The simplest possible knots are incidentally denoted in this notation:
O x T1-2 x F and O x T12 x F [See DIAGRAM 5]
[Such a symbolic device can eventually serve as an unusual ‘algebraic object’ capable of being subject to operations such as (i) adding one knot to another (the F of the first knot becoming the O of the second), (ii) subtracting, multiplying, dividing, etc. such knots (iii) simplifying the coding of a specific knot to reflect self-evident consolidations of the wraps, (iv) determining unwrapping procedures for a given knot. See the final section of this blog.]
It will be noticed at once that the number of “open sections” of rope increases by 2 after each new wrap. The knot shown in Diagram 4 has 7 open sections of rope… onto which a fourth wrap, T4 could be placed. A four wrap knot will have nine open sections of rope.
And so on…
The schema proceeds in this fashion until the last wrap TL is set. It should be noted that, at a typical moment during the process, after setting a new wrap, the leading part of the rope can be conceptualised as being able to move freely above the current ‘incomplete knot’ to set up a further wrap on any section of the free rope available. This is a topological configuration and there is a lot of flexibility built-into the schema.
A KEY QUESTION
Does this construction schema cover all possible knots? Yes, it is self-evident that the first “wrapping action” must occur somewhere on the rope, thus creating three open sections of rope on which future wraps might be set. The second “wrapping action” will likewise occur on one of these open sections of rope, thus creating five new open sections of rope for future wraps…. and so on. These successive choices cover all the options.
After completing the construction schema, the possibility arises of some consolidation of adjacent loops (see below).
It might be wondered whether a new wrap could be specifically created —contrary to previous practice— by weaving round an existing wrap, thus compromising the closure of the schema as claimed above. But the flexibility mentioned allows for this to be explicitly resisted. Instead of trying to weave a new wrap around an existing wrap, the schema can build-in the requirement that such a move is made onto and over the two sections of open rope to the Left of the ‘existing wrap’. See Diagrams 6a, 6b.
[DIAGRAMs 6a, 6b]
In Diagram 6a the free end F has attempted to wrap round an existing wrap, T. This will be declared inadmissible in the construction protocol. Instead the free end of the rope is displaced to the Left of T as in 6b, and finally shown (in this particular example) as four minimal wraps in 6c.
DEVELOPMENT
It appears that a new kind of algebra will be needed to study the equivalence of two different knot codes A and B when the knot represented by A is topologically equivalent to that denoted by B. An axiom set of such equivalences will be needed to reduce the final schema to an unique, reduced, canonical form, which could serve as a definitive classification for knots. This ‘knot algebra’ will be discussed in the October Blog.
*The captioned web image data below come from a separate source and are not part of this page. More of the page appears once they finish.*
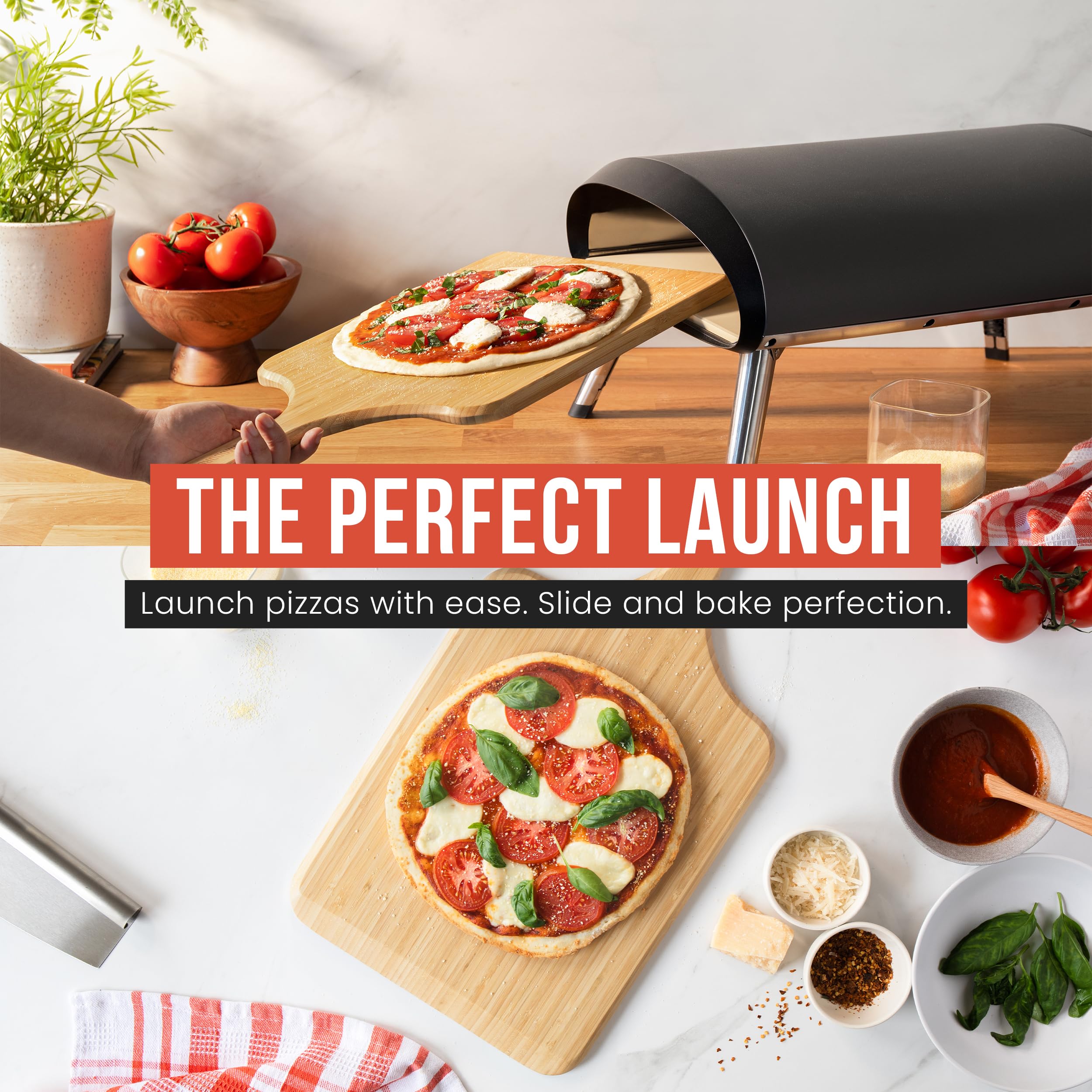 Chef Pomodoro 30 cm houten pizzaschep, lichtgewicht bamboe pizzaschep en pizzaplaat voor het bakken van zelfgemaakte pizza en brood, houten pizzaplank (30 cm (12-inch
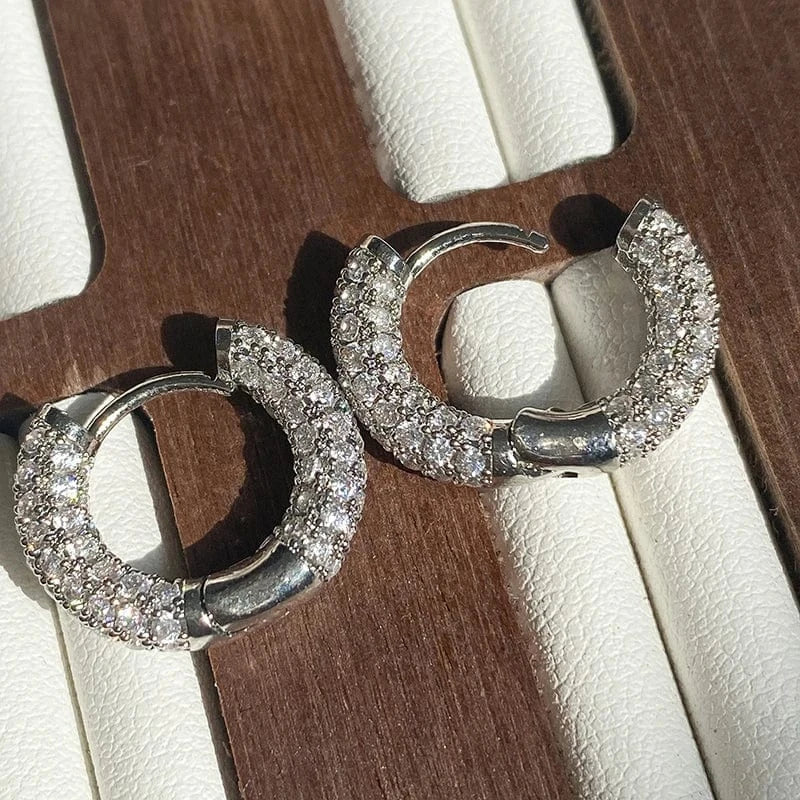 White RAKOL EL1090 Hot selling  18K Gold Plated Pave Cubic Zircon Hoop Earrings Iced Out Bling Bling CZ Hoop Earrings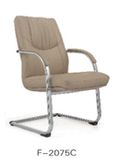 Modern Meeting Room Leather Visitor Chair with Steel Leg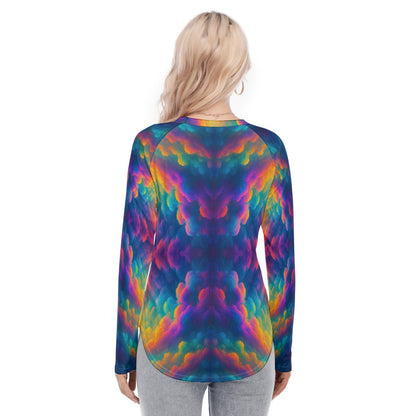 Women's Raglan Sleeves U-Shaped Hem Long Sleeves Blouse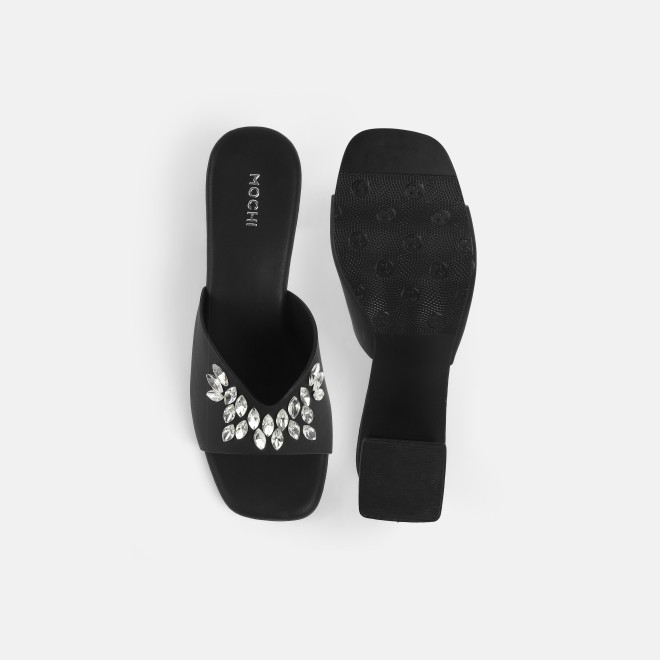 Mochi Women Black Party Slip Ons (SKU: 35-2081-11-37)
The simplest consolidation arises when a finalised knot contains two successive wraps Taand Tb , Ta creating a new loop and the second Tb being on this new loop (See Diagram 7). Provided that the final knot contains no further wrap between Ta and Tb , the two wraps can then be combined into a single wrap, which will of course have the sum of their respective turns. In a case when the two wraps Ta and Tb have the same number of turns, one clockwise the other anti-clockwise, the two wraps disappear!
[DIAGRAM 7]
A broad sign of the structure of such a classification is that every knot will be representable by a non-reducible trifurcating root tree of the kind illustrated in Diagram 8.
[DIAGRAM 8]
The seven free branch ends of this trifurcating tree x1, x2, x3, x4, x5, x6, x7 are places from which new trifurcations can grow.